● Listed entries:
┌──

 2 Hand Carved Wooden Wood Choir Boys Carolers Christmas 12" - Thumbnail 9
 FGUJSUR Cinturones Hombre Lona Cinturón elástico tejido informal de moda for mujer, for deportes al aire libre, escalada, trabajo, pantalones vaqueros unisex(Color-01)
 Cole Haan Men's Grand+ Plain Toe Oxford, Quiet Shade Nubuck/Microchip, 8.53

└──
┌──

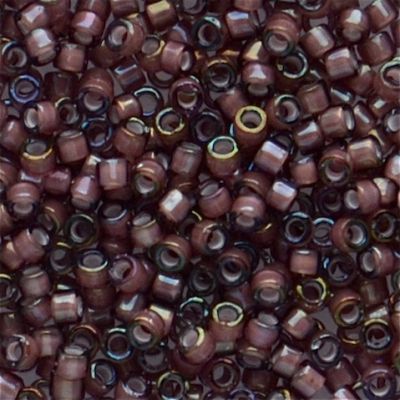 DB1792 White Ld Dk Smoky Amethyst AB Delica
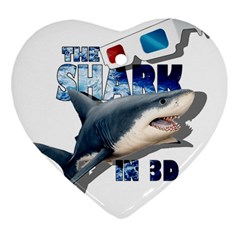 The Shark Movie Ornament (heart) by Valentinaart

└──
┌──

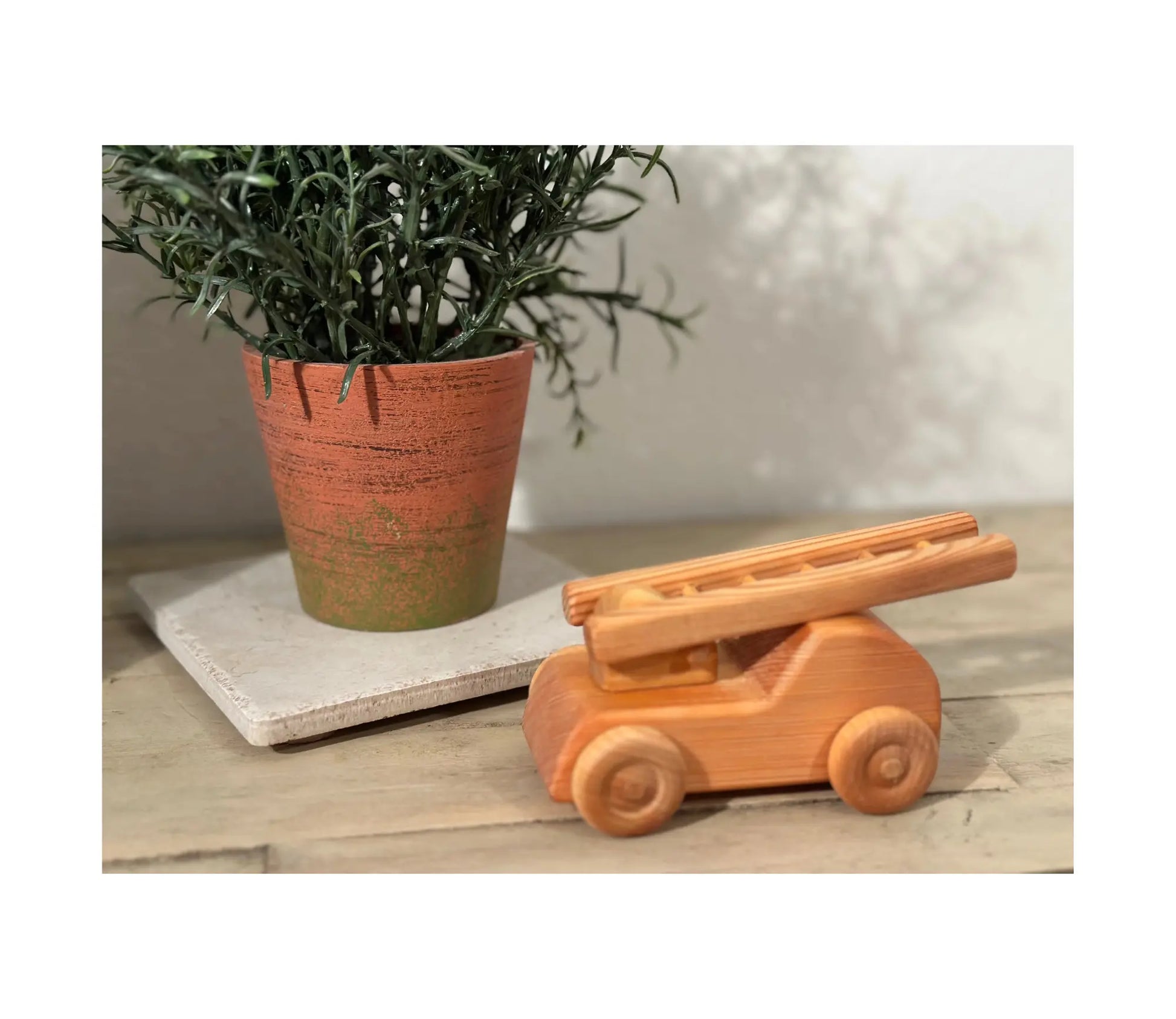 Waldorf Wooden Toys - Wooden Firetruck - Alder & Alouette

└──

Within the listing above, extract exactly the lines that run from the one containing "DB1792 White Ld Dk Smoky Amethyst AB Delica" through the one containing "The Shark Movie", excluding any pictures.

 DB1792 White Ld Dk Smoky Amethyst AB Delica
 The Shark Movie Ornament (heart) by Valentinaart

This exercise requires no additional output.